- _The task_: The answer is to be an exact copy of the lines below running from the line with "Livre, leve e forte | Luiza Agreste Nazareth" down to the line with "Buy the WARRIOR", both ends included, and nothing more.

Dataset entries:

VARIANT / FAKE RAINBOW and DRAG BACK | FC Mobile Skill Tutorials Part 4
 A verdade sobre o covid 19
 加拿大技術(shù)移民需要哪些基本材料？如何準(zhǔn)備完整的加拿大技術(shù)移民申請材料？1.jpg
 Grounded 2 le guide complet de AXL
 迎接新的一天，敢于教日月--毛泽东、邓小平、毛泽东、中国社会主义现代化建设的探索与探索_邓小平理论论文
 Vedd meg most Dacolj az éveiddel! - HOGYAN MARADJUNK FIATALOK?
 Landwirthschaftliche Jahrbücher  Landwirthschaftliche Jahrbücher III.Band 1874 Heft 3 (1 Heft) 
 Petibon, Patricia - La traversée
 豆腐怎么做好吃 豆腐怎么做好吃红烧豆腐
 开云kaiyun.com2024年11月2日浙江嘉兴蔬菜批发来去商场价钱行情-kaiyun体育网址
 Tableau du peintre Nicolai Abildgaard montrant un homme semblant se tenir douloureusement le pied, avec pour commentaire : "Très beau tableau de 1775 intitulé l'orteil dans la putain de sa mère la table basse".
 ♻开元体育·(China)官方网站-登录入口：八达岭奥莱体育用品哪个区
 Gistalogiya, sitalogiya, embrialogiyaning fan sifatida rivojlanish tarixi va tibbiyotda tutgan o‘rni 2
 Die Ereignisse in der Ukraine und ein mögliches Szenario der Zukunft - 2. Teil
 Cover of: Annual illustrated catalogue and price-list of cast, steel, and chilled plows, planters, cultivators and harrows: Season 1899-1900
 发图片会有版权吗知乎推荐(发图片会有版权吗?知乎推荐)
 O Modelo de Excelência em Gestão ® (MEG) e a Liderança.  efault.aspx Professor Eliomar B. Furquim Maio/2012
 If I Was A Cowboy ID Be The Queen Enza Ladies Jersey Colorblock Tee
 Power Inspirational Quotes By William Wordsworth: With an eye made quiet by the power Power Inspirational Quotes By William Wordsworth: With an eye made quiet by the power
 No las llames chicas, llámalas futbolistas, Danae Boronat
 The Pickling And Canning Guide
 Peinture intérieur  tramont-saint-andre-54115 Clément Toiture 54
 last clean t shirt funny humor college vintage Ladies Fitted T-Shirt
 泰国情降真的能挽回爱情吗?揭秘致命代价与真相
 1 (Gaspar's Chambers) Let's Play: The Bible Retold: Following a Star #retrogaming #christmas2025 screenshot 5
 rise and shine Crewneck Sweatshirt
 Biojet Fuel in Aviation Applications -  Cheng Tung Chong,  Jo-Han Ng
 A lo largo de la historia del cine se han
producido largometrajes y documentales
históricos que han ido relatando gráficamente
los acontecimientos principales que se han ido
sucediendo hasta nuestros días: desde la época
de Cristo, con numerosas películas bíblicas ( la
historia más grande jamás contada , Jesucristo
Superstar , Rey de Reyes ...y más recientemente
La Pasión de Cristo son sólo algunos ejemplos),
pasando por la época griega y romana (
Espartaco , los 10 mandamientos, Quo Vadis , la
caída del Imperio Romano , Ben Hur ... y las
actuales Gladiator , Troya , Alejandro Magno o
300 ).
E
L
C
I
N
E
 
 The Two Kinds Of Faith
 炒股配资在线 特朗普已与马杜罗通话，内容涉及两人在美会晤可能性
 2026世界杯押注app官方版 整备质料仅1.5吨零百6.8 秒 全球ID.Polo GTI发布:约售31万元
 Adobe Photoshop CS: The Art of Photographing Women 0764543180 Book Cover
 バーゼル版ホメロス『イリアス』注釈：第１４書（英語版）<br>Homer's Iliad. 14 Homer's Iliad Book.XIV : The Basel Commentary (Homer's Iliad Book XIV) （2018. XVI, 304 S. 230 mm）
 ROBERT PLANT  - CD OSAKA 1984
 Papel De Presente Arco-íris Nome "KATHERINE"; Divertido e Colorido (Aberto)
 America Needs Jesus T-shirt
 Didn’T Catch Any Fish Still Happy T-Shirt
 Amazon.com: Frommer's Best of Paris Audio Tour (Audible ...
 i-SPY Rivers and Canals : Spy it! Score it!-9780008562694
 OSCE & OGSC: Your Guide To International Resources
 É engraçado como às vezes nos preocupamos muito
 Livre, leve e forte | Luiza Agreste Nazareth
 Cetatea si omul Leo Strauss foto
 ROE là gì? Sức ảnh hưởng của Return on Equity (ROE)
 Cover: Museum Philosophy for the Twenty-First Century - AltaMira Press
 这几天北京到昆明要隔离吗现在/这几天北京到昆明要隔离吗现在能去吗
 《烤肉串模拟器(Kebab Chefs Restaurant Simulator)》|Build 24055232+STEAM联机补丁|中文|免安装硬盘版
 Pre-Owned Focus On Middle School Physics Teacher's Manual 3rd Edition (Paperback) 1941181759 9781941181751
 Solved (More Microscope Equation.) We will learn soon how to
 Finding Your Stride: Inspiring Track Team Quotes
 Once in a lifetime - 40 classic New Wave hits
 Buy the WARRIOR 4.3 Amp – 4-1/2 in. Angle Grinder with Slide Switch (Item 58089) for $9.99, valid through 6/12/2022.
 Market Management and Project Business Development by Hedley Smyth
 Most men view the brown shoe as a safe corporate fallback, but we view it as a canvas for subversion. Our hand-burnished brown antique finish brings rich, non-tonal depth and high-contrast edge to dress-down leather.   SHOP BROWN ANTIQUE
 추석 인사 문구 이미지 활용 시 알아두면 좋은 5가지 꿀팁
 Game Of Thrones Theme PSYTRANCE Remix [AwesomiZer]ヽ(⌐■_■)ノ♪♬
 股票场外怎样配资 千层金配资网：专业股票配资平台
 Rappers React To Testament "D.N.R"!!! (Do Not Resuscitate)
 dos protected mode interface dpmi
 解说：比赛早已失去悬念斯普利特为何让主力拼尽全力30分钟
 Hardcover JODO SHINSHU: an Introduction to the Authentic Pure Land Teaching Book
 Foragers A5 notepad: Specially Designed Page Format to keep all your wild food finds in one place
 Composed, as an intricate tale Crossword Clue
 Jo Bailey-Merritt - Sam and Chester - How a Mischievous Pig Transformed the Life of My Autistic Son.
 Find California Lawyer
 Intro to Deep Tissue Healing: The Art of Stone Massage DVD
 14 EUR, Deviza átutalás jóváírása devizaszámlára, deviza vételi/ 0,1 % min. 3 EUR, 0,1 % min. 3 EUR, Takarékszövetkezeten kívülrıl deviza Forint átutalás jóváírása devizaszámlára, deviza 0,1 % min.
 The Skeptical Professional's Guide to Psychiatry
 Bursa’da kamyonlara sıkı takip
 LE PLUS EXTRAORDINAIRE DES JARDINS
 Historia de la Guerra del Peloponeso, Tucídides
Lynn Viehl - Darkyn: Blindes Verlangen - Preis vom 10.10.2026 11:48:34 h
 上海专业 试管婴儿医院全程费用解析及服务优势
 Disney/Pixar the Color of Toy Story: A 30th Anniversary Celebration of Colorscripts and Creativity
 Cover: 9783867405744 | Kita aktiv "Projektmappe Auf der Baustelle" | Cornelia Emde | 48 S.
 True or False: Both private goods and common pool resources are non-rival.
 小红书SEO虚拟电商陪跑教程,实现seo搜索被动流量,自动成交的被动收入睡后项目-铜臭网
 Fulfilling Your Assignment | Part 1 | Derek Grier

- _Written response_:
 Livre, leve e forte | Luiza Agreste Nazareth
 Cetatea si omul Leo Strauss foto
 ROE là gì? Sức ảnh hưởng của Return on Equity (ROE)
 Cover: Museum Philosophy for the Twenty-First Century - AltaMira Press
 这几天北京到昆明要隔离吗现在/这几天北京到昆明要隔离吗现在能去吗
 《烤肉串模拟器(Kebab Chefs Restaurant Simulator)》|Build 24055232+STEAM联机补丁|中文|免安装硬盘版
 Pre-Owned Focus On Middle School Physics Teacher's Manual 3rd Edition (Paperback) 1941181759 9781941181751
 Solved (More Microscope Equation.) We will learn soon how to
 Finding Your Stride: Inspiring Track Team Quotes
 Once in a lifetime - 40 classic New Wave hits
 Buy the WARRIOR 4.3 Amp – 4-1/2 in. Angle Grinder with Slide Switch (Item 58089) for $9.99, valid through 6/12/2022.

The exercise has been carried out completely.